- Aim of the exercise -
Your answer must be the lines from the one containing "How to Install" through the last line below, copied exactly, with no pictures.

- Data block -
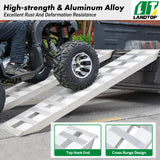 Truck Car Auto Trailer Ramps, 84" X 15" X 2.5"  Car Ramps 2pcs Aluminum Trailer Ramps, 6000 Lbs Ramps Load Capacity for Motorcycles, Bicycles, Dirt Bikes, ATVs, Lawnmowers, Trucks, Trailers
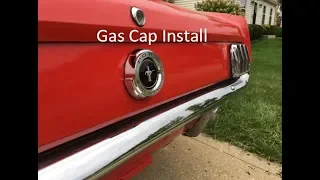 How to Install a Gas Cap on you 1964 1/2-1968 Mustang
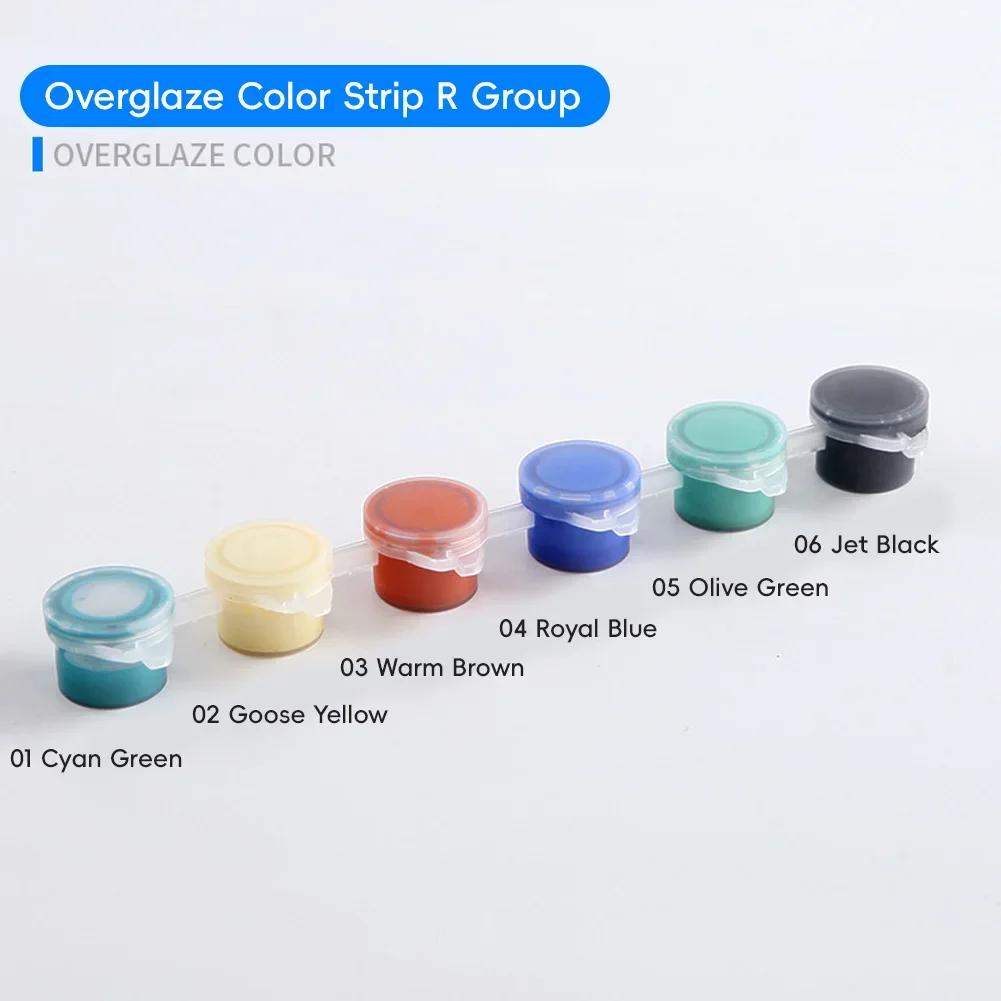 DIY Ceramic Art Teaching Supplies 24 Color Portable Ceramic Glaze Coating Concentrate 750°C-850°C Flame Pigment
DIY Ceramic Art Teaching Supplies 24 Color Portable Ceramic Glaze Coating Concentrate 750°C-850°C Flame Pigment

- Answer to the problem -
 How to Install a Gas Cap on you 1964 1/2-1968 Mustang
 DIY Ceramic Art Teaching Supplies 24 Color Portable Ceramic Glaze Coating Concentrate 750°C-850°C Flame Pigment
DIY Ceramic Art Teaching Supplies 24 Color Portable Ceramic Glaze Coating Concentrate 750°C-850°C Flame Pigment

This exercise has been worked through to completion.